A win-win-win situation for all participants. The cited laws drive innovation by opening the business in a regulated and secured manner and by protecting customer’s data on the highest level.
And due to the fact that we are talking about EU law I also see a competitive advantage over the rest of the world implementing these properly.
Banking and PSD2 as a Blueprint for Open Insurance
The given rules, especially the API opening ones with PSD2, are currently only for banking relevant. But as banking and insurance are growing together in a kind of revitalization of digitalized Bancassurance it might make sense to develop something comparable for insurance.
Why should Insurers ask for Regulation?
Today the Insurers are not forced to open their systems via APIs.
Innovation is dependent on the good will of the incumbents.
And when insurers open their systems third parties using the given APIs are somehow operating in a grey zone as B2C API access is not yet regulated. Neither the customer nor the TPP not even the insurer know if and how to behave and operate compliant.
This will slow down the development and therefore the acceptance of Open Insurance systems .
And in the end this will lead to disadvantages in an ecosystematic world where open and standardized integration is key and king. It will lead to extended monopolistic aggregator structures as these are the only ones, who pretend to providing the necessary openness in insurance.
Open Insurance can fight back Insurance Aggregators
Believe it or not. I do believe standardized Open Insurance can be the answer to the Check24s, the GAFAs and the likes in our world.
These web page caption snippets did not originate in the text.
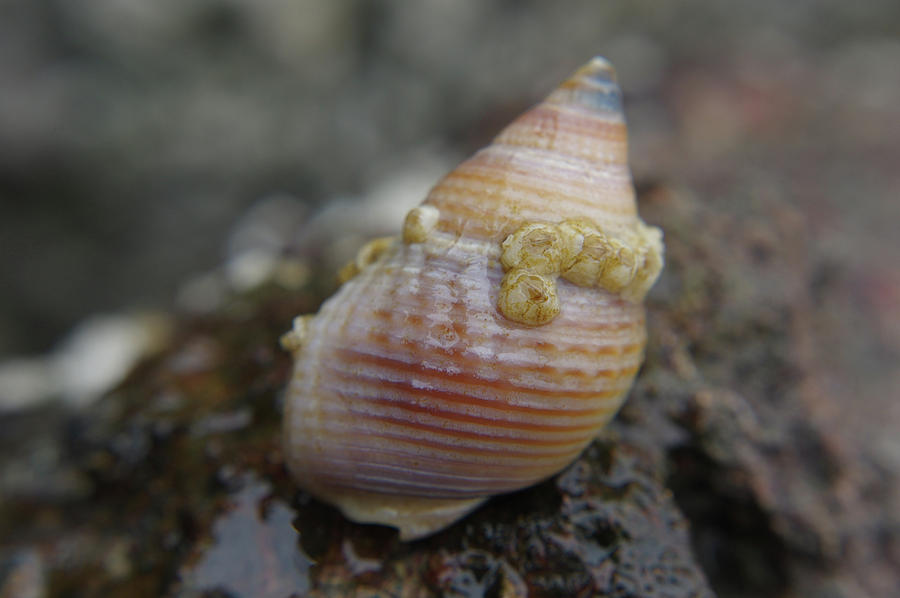 Seashore Shell Photograph by Adria Trail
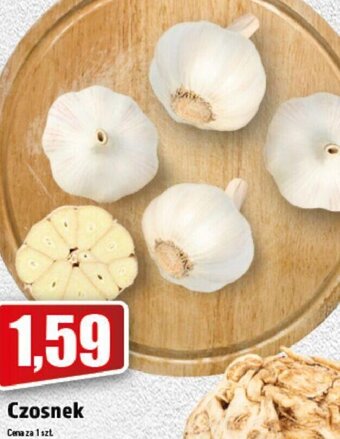Topaz Czosnek oferta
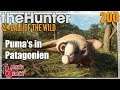 The Hunter Call of the Wild ★ Zimtenten waren geplant ...und es kam der Puma in Patagonien | Deutsch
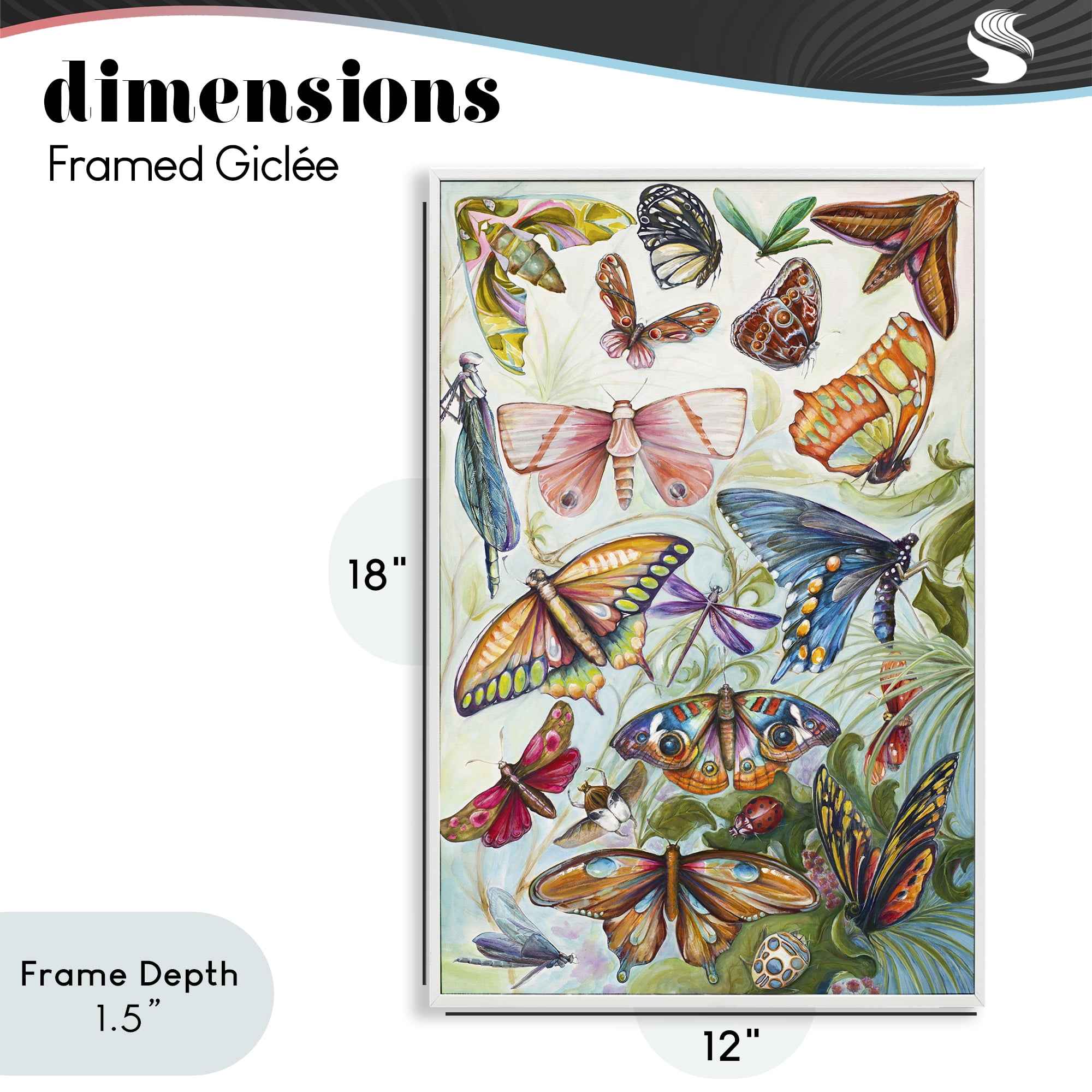 Stupell Industries Colorful Butterfly Conservatory White Framed Giclee Art, design by Diannart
The today’s customer believes only the aggregator site can provide the necessary truth and comparability. The aggregator provides this kind of transparency usually in an intransparent way and with a lot of effort on all sides.
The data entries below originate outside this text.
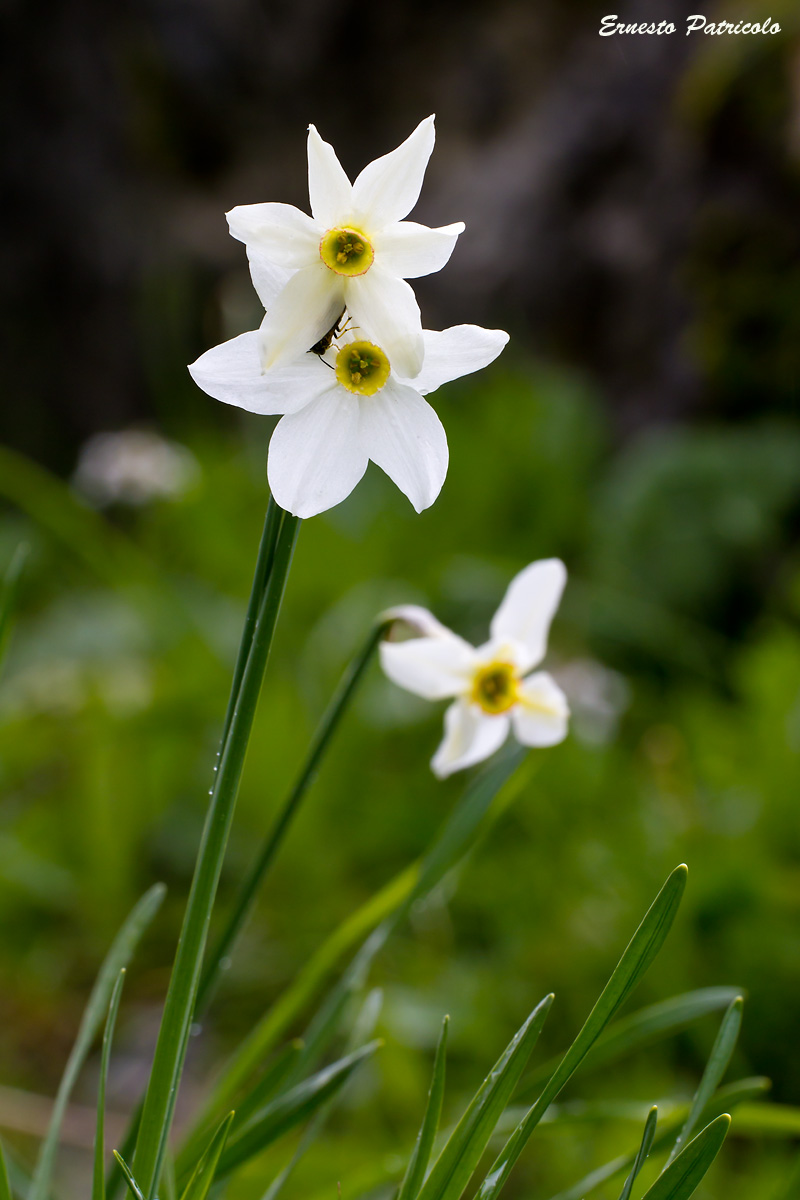 Narcissus poticus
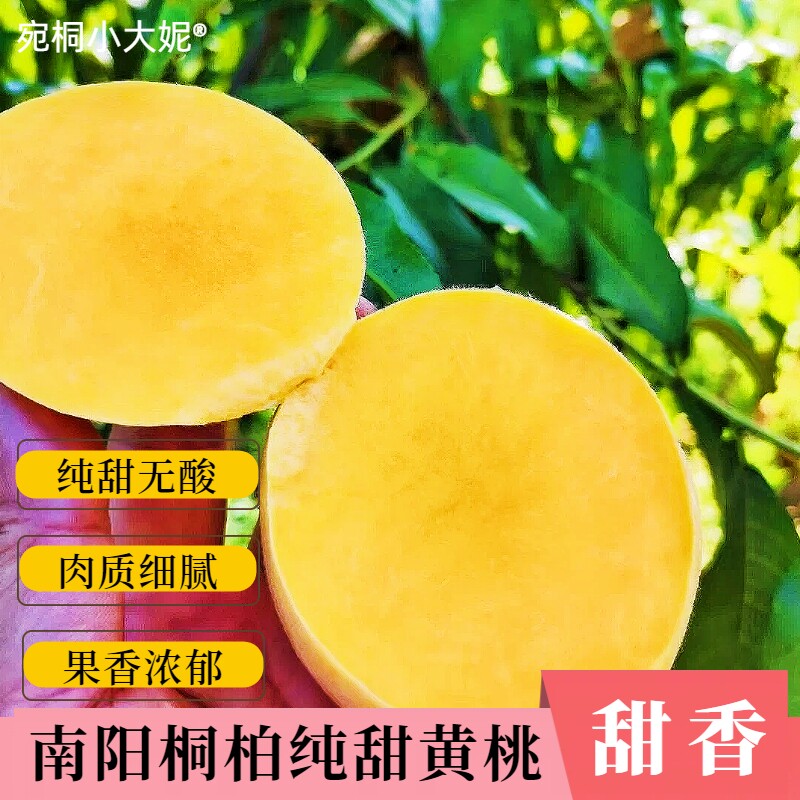 纯甜黄金蜜桃彩虹黄桃南阳桐柏特产孕妇儿童老人应季新鲜水果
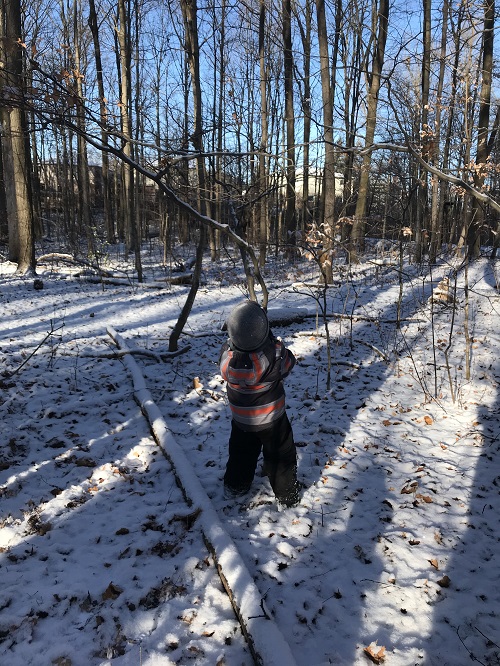 child standing on snowy forest trail looking outwards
What if this transparency can be achieved with a standard, law-backed API everybody can use and understand easily – like the payments API of PSD2?
And what if the customer understands that and how these APIs are secured and regulated accordingly?
The need for monopolistic aggregator structures declines as everybody can be an aggregator with simple means then.
Open Insurance is NOT DEAD. Has not yet begun
A technical API is not Open Insurance.
Open Insurance is a regulated and transparent environment and operating room with technical and non-technical requirements and legal parameters.
Open Insurance is just beginning. If you follow this interesting
thread on LinkedIn and this new
OpenInsurance initiative either.
I know the regulator won’t be as fast as I believe we need him, but if a group of insurers and TPPs would start with first objectives and would copy from the banking what’s already there, we could leap frog a lot.